Chango Spasiuk takes lowbrow music from the countryside and transforms it into sophisticated urbanite fare.
During the colonial era, northern Europeans took accordions all over the world. Ever since, folky wedding dances like the polka have been interbreeding with indigenous music styles in faraway lands. South America has produced some of the most elaborate examples, but even in that context, Chango Spasiuk stands out for his verve and virtuosity.
In "La Ratonera," Spasiuk revs the spirit of a European, oompah-pah waltz into a cantering 12/8 feel. That's a feature of a style called chamamé, which Spasiuk grew up with in Argentina's rural northeast. These days, he makes his home in Buenos Aires, where he composes for and performs with an ensemble that includes violin, guitar, double bass and percussion.
Music history is full of exceptional musicians who, like Spasiuk, take lowbrow music from the countryside and transform it into sophisticated urbanite fare.
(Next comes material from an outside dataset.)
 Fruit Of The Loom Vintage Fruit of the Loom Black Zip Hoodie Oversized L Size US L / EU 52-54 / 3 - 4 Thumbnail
Spasiuk subtitles his CD "memories of a barefoot childhood," and as much as the colors of jazz and classical music emerge in his sound, that rugged, rural past always shines through.
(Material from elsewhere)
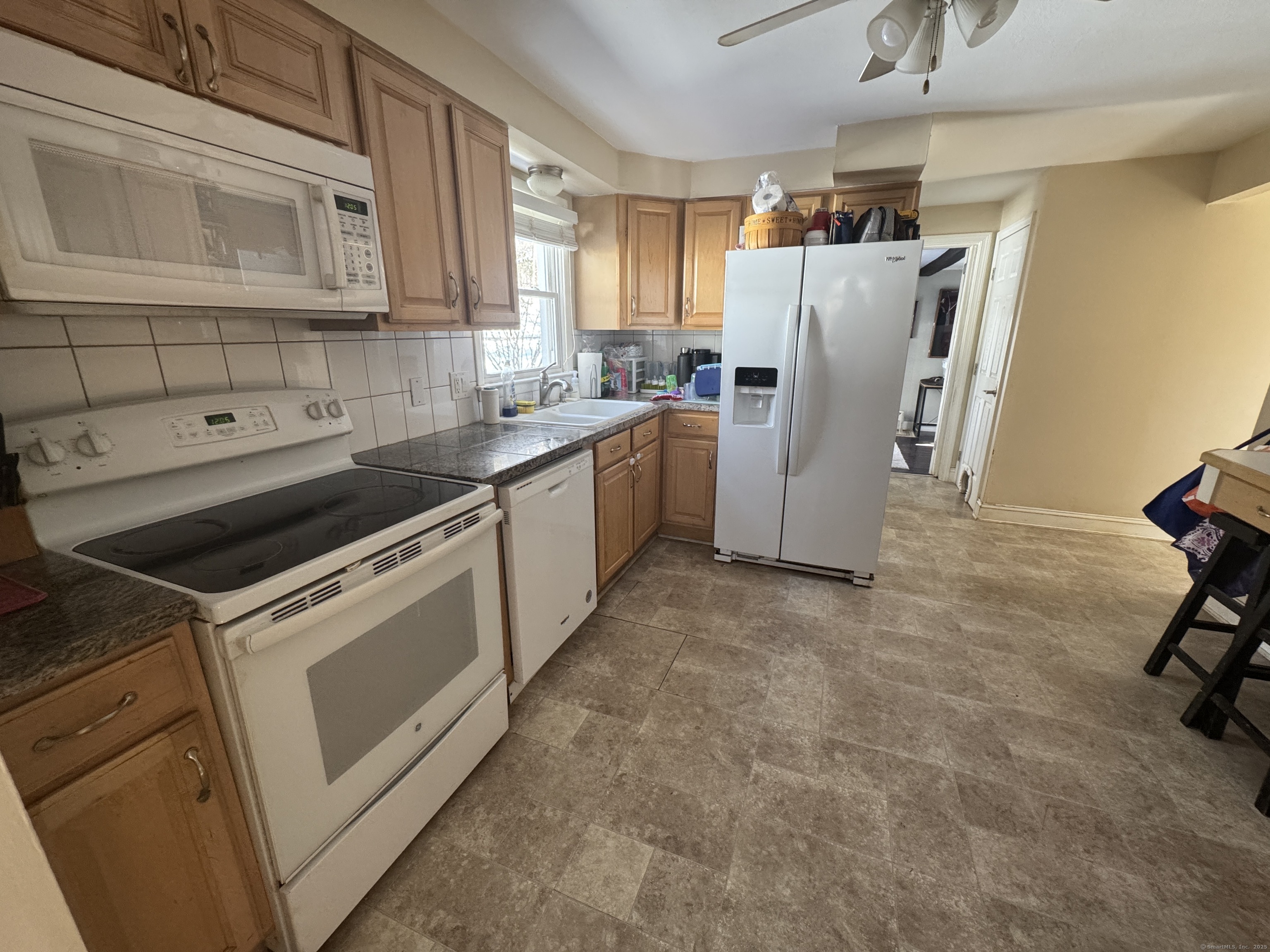 14 Lauren Lane, Norwich, Connecticut image 16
Pynandi Los Descalzos includes a semi-classical suite; a lonely, romantic vocal number; and a few bracing duo performances. The standout track might be the opener, "Tierra Colorada" — or "Red Earth." This original composition sums up the spirit of Spasiuk's whole endeavor. He and his musicians dig in with passion and gusto as pastoral reverie and cosmopolitan panache joyfully become one.